ベストトリックの最終5回目で97点台を叩きだし大逆転した場面については「音楽をかけないで、自分に集中できるようにして、練習してきたことを出そうと思った。自分だけではなく、家族やファンの応援がかぎになった。逆転で優勝を決められて本当にうれしい」と喜びをかみしめていました。
早川コーチ「“人類最強”に近づいていると思っている」
堀米雄斗選手を子どものころから見続けてきた日本代表の早川大輔コーチは堀米選手が高校を卒業してアメリカに渡ると決断した際などにもサポートを続けてきました。
堀米選手が大会で優勝したときには、早川コーチが堀米選手を肩車するのが決まりごとのようになっていてパリオリンピックの舞台でも表彰式のあと、早川コーチが涙を見せながら堀米選手を担ぎ上げてガッツポーズを見せていました。
早川コーチは「全部信じていたので、絶対成功できると思っていた。最後の技が決まった瞬間は叫び声だけで、言葉にならなかった」と振り返りました。
そして堀米選手が最後に決めた大技については「あのトリックは死ぬほど練習していたので、絶対決められると思っていたし成功できたら絶対行けると思っていた」と信頼を口にしました。
そして東京大会からの3年間での堀米選手の成長について問われると、「スケーターとしてよりも人として強くなった。僕の中では“人類最強”に近づいていると思っているし、世の中のスケーターのイメージを進化させてくれたと思う」と最大級の賛辞をおくりました。
父 亮太さん「積み重ねの結果」
父親の亮太さんは、「今回は金メダルが取れてもじっとおとなしく観戦していようと思っていたが、あまりにも劇的だったので、立ち上がってガッツポーズしてしまった」と喜びを語りました。
亮太さんの影響でスケートボードを始めた息子について「僕は技術とは別に、泥臭い努力の部分をすごく重視して教えていた。
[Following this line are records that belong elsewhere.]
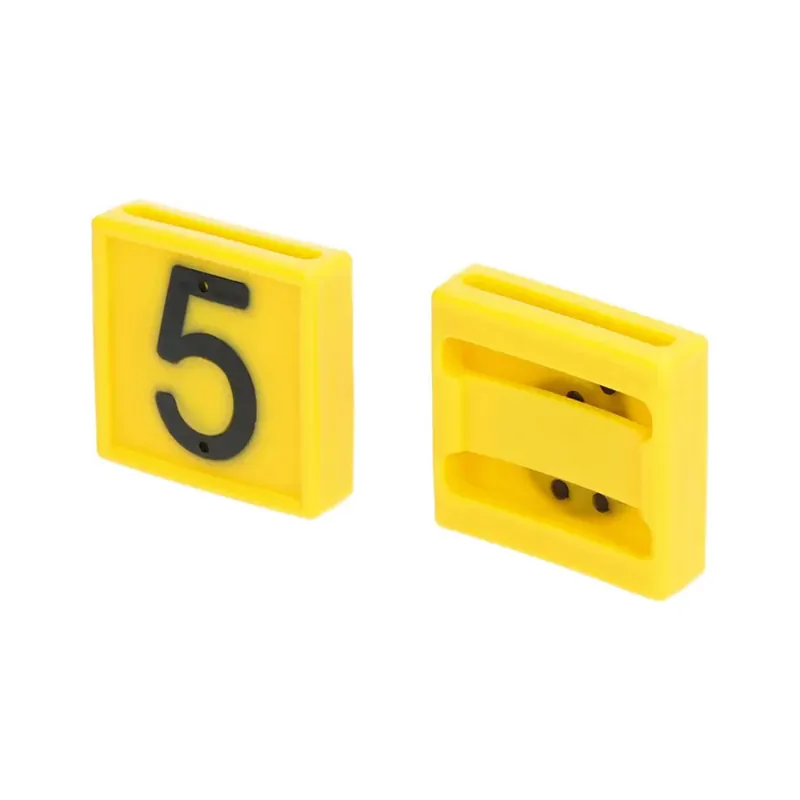 Numar marcare nr. 5 Discount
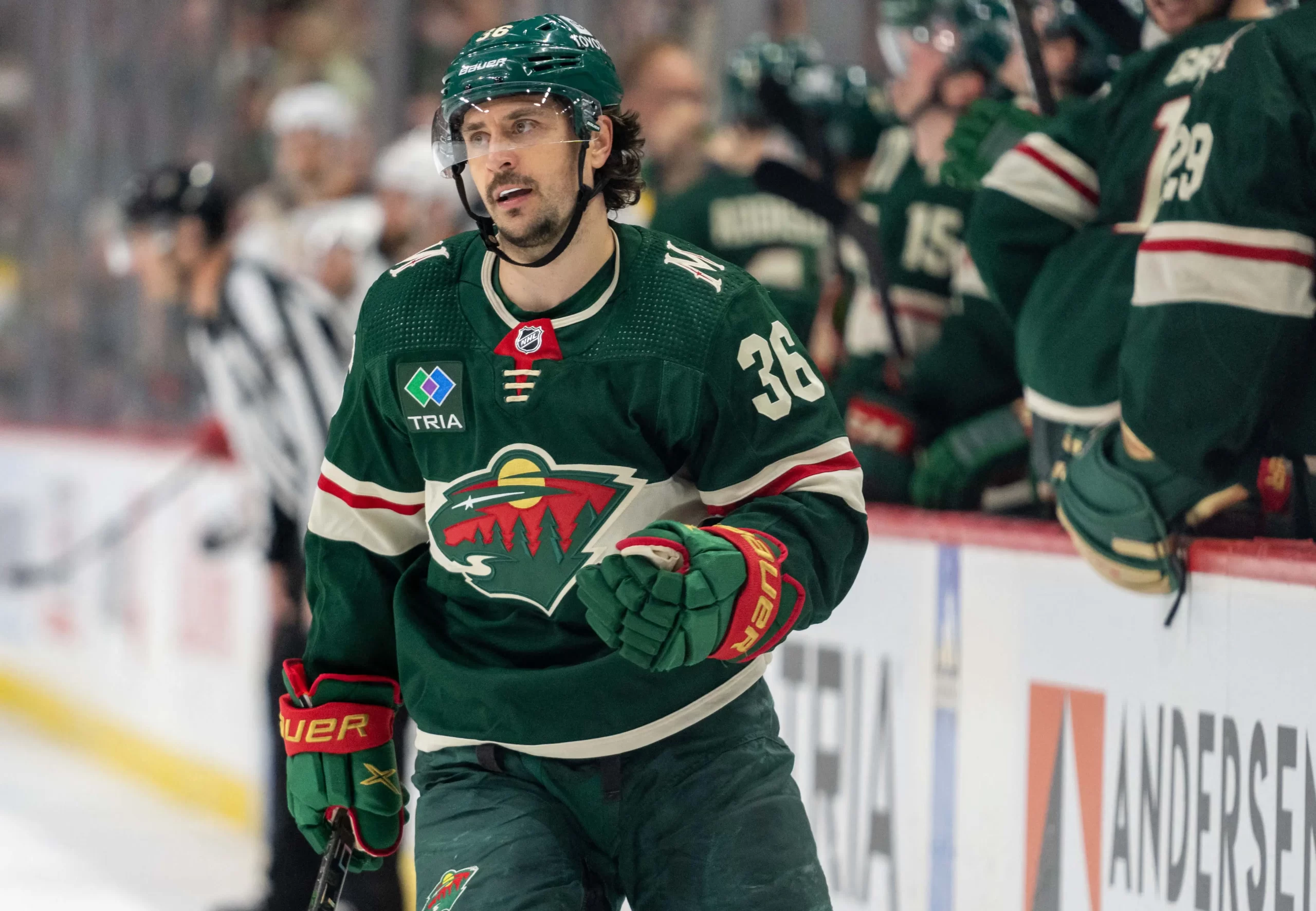 Mats Zuccarello  Dates Joined, Age, Stats, Contract, Height, Injury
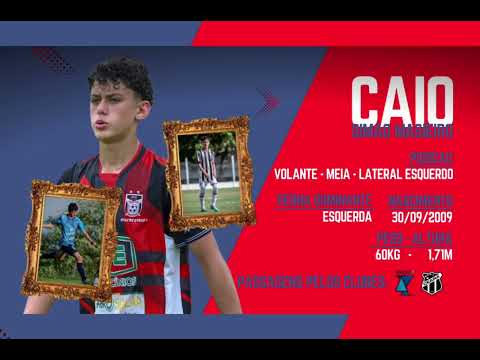 Caio Simão Masiero 2009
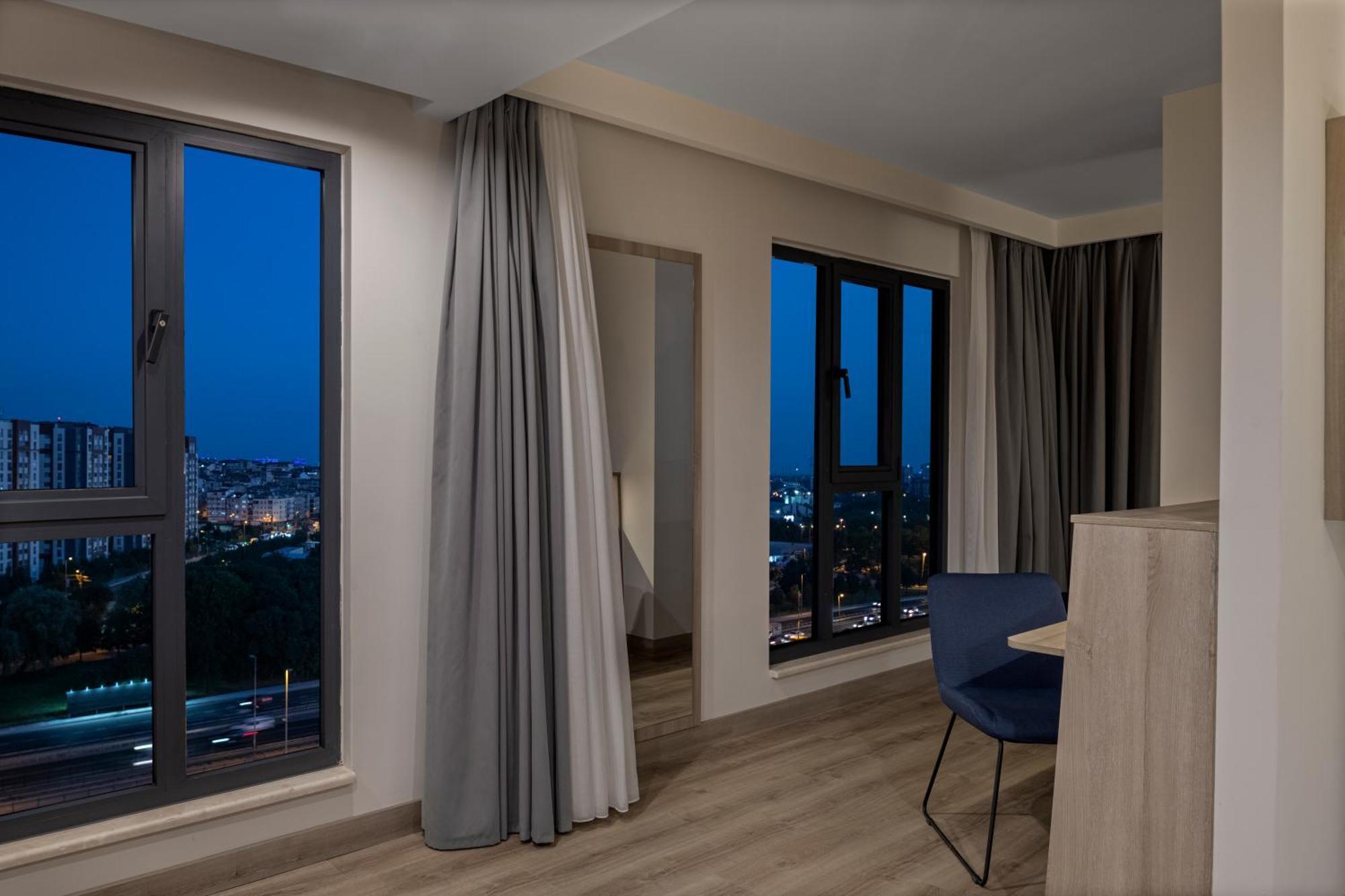 Hampton By Hilton Istanbul Merter 외부 사진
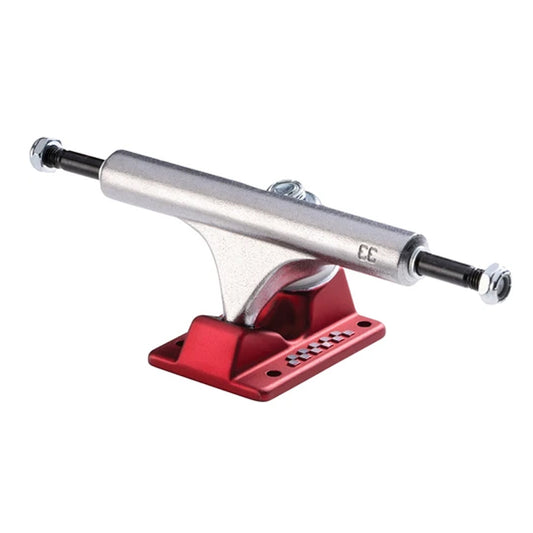 8.0 - 33 Classic Raw/Red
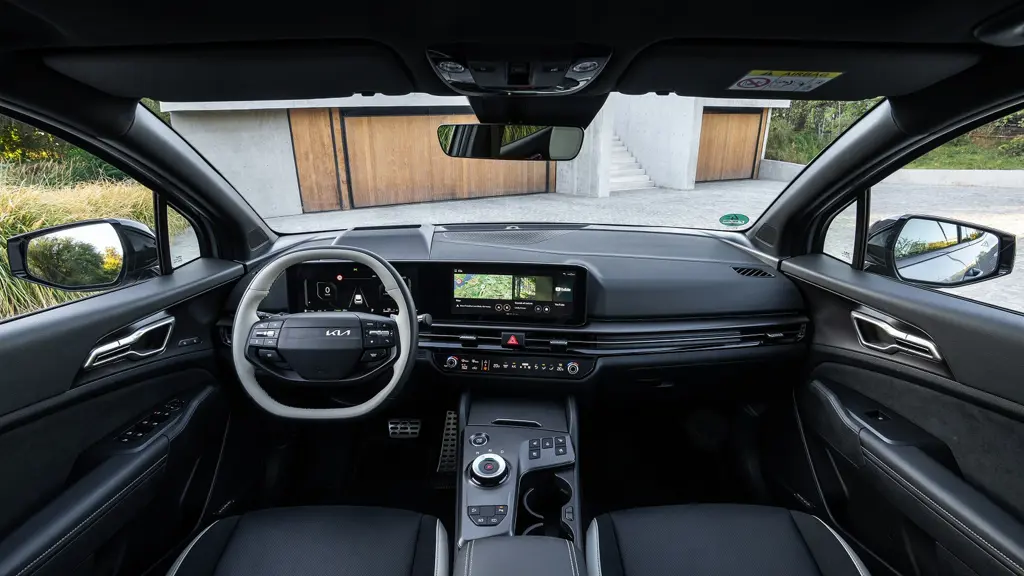 Kia Sportage 1.6T GDi Pure 5dr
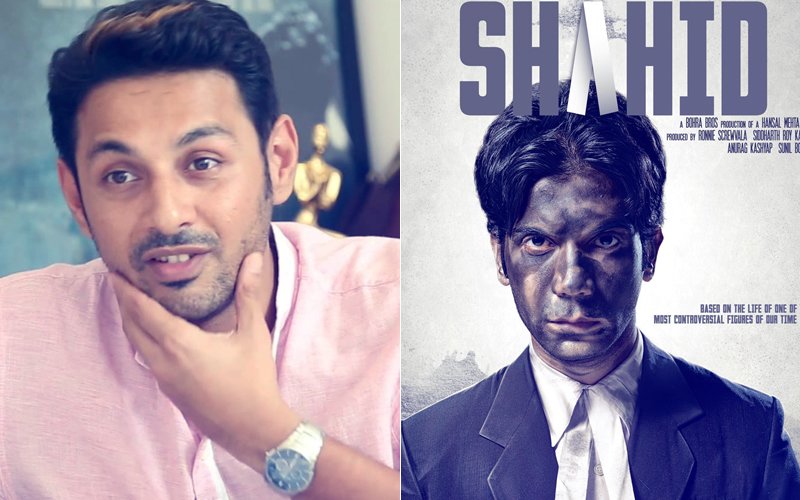 Simran Controversy: Writer Sameer Gautam Accuses Apurva Asrani Of Stealing Credits For Shahid, Labels Him A Hypocrite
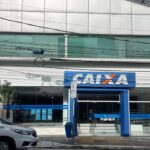 fachada da caixa econômica federal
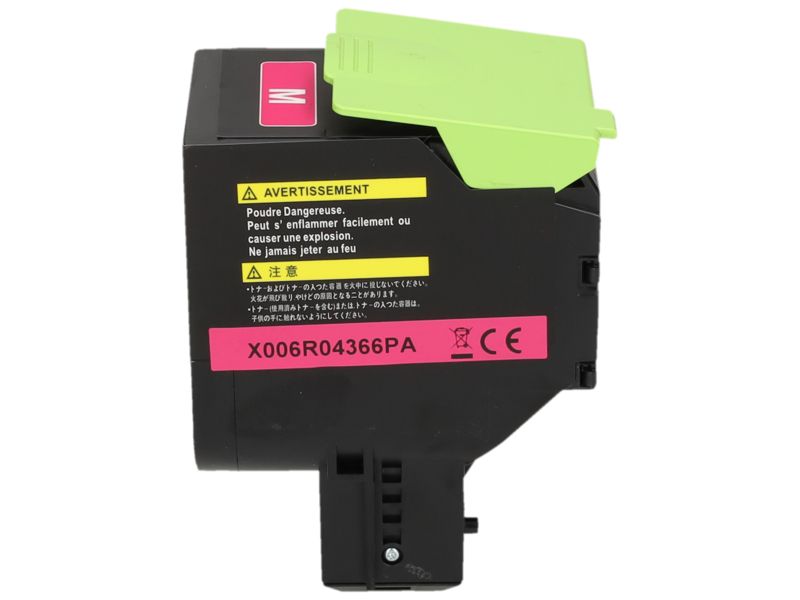 Toner Xerox Compatible - Magenta - Grande Capacité (PrintAbout 006R04366)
少し前の話でいうと、雄斗はアメリカでプロになろうと思ったけど、上がっては潰され、上がっては潰される、そういう葛藤を繰り返していたが、それでも諦めないでアメリカでプロになることができた。今回の結果もそういう積み重ねの結果ではないかと思う」と話していました。
そして、「よくやったということばしかないしありがとうという感じだ。とりあえず次に日本に帰ってきたら、焼き肉をおごります」と息子の快挙をたたえていました。
みずから「地獄」と表現 苦しい戦いの日々
地元の東京 江東区で開催された東京オリンピックで金メダルを獲得し、スケートボード界の顔となった堀米選手のその後は、みずから「地獄」と表現した苦しい戦いの日々でした。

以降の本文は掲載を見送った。